BellSouth Corp. is asking federal regulators to scrap rules that give competing Internet-service providers access to its broadband network.
The Southeast’s dominant Baby Bell said compliance with the rule was expensive and unfair because market-leading cable companies are not forced to grant mandatory access -- except for Time Warner Cable, as a result of its 2000 merger with America Online Inc.
BellSouth asked for the relief from the Federal Communications Commission in an Oct. 27 filing that included no other Bell company.
“If consumers do not need the majority of providers to open their lines to independent ISPs in order to ensure just, reasonable and nondiscriminatory rates and practices, it cannot possibly be the case that it is necessary that the minority providers open their lines to ensure the same thing,” BellSouth said.

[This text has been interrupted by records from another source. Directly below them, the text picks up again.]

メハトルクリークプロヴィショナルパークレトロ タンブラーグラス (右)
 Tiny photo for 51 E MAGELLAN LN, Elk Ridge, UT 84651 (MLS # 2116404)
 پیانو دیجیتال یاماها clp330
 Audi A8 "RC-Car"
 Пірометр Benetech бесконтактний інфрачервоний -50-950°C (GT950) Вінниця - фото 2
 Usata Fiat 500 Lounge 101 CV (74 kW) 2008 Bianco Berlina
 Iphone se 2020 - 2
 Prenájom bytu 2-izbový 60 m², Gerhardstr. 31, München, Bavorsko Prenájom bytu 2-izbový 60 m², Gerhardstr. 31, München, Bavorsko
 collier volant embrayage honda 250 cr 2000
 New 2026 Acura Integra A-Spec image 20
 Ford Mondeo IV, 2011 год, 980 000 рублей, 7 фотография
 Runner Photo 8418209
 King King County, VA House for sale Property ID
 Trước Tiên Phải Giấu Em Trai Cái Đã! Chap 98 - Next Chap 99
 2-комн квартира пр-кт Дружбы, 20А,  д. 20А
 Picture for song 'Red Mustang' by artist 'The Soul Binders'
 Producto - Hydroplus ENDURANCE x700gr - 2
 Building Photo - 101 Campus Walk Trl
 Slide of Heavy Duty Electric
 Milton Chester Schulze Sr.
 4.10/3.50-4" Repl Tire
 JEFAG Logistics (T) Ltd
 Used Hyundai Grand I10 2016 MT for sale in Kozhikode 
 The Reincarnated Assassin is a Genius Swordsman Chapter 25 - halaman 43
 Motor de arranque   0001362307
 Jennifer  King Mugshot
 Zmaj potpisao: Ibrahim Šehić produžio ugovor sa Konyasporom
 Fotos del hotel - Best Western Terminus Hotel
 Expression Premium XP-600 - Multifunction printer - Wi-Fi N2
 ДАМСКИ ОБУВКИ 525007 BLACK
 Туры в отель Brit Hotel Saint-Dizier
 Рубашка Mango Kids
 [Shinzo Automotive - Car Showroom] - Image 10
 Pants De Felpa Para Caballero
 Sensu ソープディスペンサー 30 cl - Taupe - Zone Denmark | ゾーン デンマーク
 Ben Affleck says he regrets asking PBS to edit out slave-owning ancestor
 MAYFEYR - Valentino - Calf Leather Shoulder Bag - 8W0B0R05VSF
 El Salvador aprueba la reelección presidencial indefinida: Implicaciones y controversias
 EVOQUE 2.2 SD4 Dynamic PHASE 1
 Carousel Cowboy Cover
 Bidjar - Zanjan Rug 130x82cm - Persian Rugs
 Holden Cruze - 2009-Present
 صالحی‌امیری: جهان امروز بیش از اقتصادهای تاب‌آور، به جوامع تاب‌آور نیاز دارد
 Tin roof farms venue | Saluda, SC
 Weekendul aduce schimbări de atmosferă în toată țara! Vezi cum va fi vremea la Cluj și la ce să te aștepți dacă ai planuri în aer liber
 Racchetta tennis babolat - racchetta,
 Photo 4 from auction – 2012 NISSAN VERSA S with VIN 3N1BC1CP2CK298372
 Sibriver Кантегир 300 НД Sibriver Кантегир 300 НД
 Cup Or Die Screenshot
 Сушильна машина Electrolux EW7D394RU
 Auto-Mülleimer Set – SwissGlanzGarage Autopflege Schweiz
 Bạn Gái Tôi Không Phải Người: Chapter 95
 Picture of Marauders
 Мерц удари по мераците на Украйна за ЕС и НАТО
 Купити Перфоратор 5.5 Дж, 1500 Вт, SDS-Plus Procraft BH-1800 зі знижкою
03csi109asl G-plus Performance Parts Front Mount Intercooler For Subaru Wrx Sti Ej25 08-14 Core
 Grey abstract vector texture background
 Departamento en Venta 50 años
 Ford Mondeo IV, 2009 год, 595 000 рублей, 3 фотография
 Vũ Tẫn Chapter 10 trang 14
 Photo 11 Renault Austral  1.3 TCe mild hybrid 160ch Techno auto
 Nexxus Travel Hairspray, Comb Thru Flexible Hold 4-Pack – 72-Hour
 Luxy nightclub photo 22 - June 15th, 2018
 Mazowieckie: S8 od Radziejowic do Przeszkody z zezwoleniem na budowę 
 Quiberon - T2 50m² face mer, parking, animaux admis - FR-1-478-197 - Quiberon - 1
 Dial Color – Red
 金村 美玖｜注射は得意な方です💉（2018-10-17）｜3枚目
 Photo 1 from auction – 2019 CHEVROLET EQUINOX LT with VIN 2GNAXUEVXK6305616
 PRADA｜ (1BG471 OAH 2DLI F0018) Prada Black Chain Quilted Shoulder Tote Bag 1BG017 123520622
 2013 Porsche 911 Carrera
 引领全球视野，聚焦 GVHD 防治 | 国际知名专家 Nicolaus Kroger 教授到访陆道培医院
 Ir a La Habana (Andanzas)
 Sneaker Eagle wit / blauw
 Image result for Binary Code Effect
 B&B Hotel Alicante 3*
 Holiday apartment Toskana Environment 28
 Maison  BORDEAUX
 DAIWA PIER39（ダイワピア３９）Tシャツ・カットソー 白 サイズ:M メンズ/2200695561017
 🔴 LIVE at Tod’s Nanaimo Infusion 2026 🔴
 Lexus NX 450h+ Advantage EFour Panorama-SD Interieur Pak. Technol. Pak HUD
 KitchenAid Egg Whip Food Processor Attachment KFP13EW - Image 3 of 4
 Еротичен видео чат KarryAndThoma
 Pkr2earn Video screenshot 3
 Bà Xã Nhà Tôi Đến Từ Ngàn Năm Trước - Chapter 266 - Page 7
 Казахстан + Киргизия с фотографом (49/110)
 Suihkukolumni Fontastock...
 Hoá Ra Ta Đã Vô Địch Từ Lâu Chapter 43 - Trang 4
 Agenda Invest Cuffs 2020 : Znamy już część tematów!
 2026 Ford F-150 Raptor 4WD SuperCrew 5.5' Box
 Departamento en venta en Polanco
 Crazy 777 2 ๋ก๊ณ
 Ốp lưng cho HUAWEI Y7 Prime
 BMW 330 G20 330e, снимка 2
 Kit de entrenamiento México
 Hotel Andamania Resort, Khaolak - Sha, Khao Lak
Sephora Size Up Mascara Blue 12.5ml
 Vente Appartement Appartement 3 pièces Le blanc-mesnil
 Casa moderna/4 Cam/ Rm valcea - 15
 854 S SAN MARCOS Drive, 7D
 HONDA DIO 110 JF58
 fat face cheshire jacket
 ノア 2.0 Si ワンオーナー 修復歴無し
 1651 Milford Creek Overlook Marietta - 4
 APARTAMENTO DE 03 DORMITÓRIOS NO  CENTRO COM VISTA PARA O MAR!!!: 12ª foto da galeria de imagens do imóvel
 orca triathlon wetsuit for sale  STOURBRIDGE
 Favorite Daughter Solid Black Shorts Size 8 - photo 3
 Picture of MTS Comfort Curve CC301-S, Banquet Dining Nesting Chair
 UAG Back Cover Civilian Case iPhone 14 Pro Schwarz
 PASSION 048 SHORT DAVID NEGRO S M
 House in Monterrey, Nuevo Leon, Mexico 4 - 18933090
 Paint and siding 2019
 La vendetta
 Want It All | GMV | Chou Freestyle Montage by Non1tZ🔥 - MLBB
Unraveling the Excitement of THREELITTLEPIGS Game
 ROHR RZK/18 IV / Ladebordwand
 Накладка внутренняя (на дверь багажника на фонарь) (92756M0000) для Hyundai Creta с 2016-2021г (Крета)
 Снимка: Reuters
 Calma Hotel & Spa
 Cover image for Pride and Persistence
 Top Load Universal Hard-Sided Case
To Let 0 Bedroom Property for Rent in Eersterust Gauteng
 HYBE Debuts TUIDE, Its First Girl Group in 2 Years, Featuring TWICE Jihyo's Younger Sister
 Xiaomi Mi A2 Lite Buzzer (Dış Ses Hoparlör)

As of June 2004, cable had 16.9 million high-speed-data customers, while phone companies had 11.3 million, according to FCC data cited in BellSouth’s filing.
EarthLink Inc. -- an Atlanta-based ISP with no facilities leading to consumer homes -- has 1.3 million broadband customers who connect to the service over cable and phone high-speed-data lines. FCC adoption of BellSouth’s request would eliminate EarthLink’s right to purchase wholesale access at the same rates BellSouth charges itself.
“We think this request is over the top, and we don’t expect that the FCC would grant this relief,” EarthLink vice president of law and public policy David Baker said.
In its petition, BellSouth said it would not use a favorable decision to discriminate against competing ISPs.
“BellSouth has hundreds of ISP customers and has no desire to lose the revenue created by their use of BellSouth’s broadband transmission,” the telco said.